Sorry if I'm a dumbass but you just attach a hose to it?


----------



## piglett (Jun 21, 2012)

i'm adding two 5gallon buckets with wattering nipples for my flock of 27
i'll put 1 in the coop & 1 in the run for them
i got mine from QC-supply
no i don't work for them or anything like that folks
i checked the reviews before i layed out my hard earned cash
10 shipped to the door for a little over 18 bucks works for me


good luck
piglett


----------



## TopTop (Jun 21, 2012)

Ok, I'll try this again. The first time I lost my post. I use free five gallon buckets from a deli. Drill a 3/4 inch hole in the lid for filling, a 3/8 inch hole in the side about 2-3 inches from the top, depending on how deep you want the water to be. Get a galvanized pan similar to the one in the link. Fill the pan & bucket with water, put the bucket in the pan, top down. The birds can drink anywhere from the pan but they can not walk in the water. I put a piece of scrap plywood on top weighted down with a cinder block. The plywood is larger than the pan so if birds sit on top their droppings go on the ground, not in the water. In the winter put the pan on top of cinder blocks with an incandescent light bulb in one of the holes to prevent freezing.

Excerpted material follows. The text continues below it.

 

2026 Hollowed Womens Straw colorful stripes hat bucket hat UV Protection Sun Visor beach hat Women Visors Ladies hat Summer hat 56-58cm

http://www.tractorsupply.com/behrens-utility-pan-3-gal-capacity-2171344

My feeder is nearly the same. No holes in the lid, a few 2 inch holes in the side near the bottom. A 4x4 wood block in the pan, secured with a couple screws through the bottom. Set the bucket on top of the pan, secure it with a couple screws through the bottom into the wood. To use just remove the lid to fill, the birds access the feed through the holes in the bottom of the bucket. When you gather your eggs each day give the bucket a good shake to prevent the feed from clumping. You could use the same plywood/cinder block on top, but I keep mine under an old table. There is not enough room between the bucket & table for the birds to sit there & the table is big enough to keep rain from blowing into the feed.

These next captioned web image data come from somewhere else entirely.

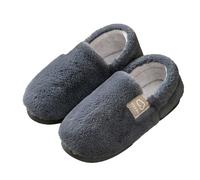 Zapatillas de estar por casa para hombre, cerradas, antideslizantes, de fieltro, suela fija, pantuflas con piel de cordero, zapatos de algodón, zapatillas de estar por casa abiertas, mullidas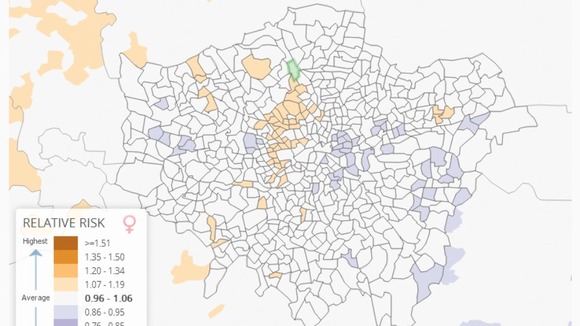 Breast cancer in London appears to be at more of an average risk to women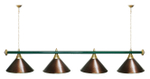 Лампа STARTBILLIARDS 4 пл. (плафоны зеленые,штанга золотая,фурнитура золото)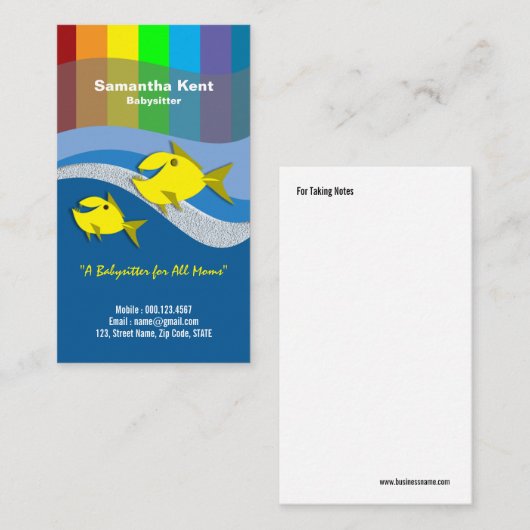 カラフルな漫画の魚の虹の乳母の名刺 名刺 (正面/裏面)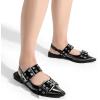 imageGreatonu Womens Slingback Flats Buckle Pointed Closed Toe Flat Shoes Comfortable Low Block Heel Mary Jane Casual Party Dressy ShoesBlack Patent Mary Jane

These bucket systems work pretty well for me & you can't beat the price. I hope I explained this ok.


----------



## Jason (Jun 24, 2012)

Vondonna, that looks pretty cool. Looks like the valve is just a valve stem from a tire. Instead of ordering online you could probably get them at a big box store or an auto parts store.


----------



## twentynine (Jul 11, 2012)

I use 5 gallon buckets.

I install a water trough float in the bucket to maintain the water level. Cut 3" dia. holes in the side of the bucket slightly higher than the water level for the chickens to drink.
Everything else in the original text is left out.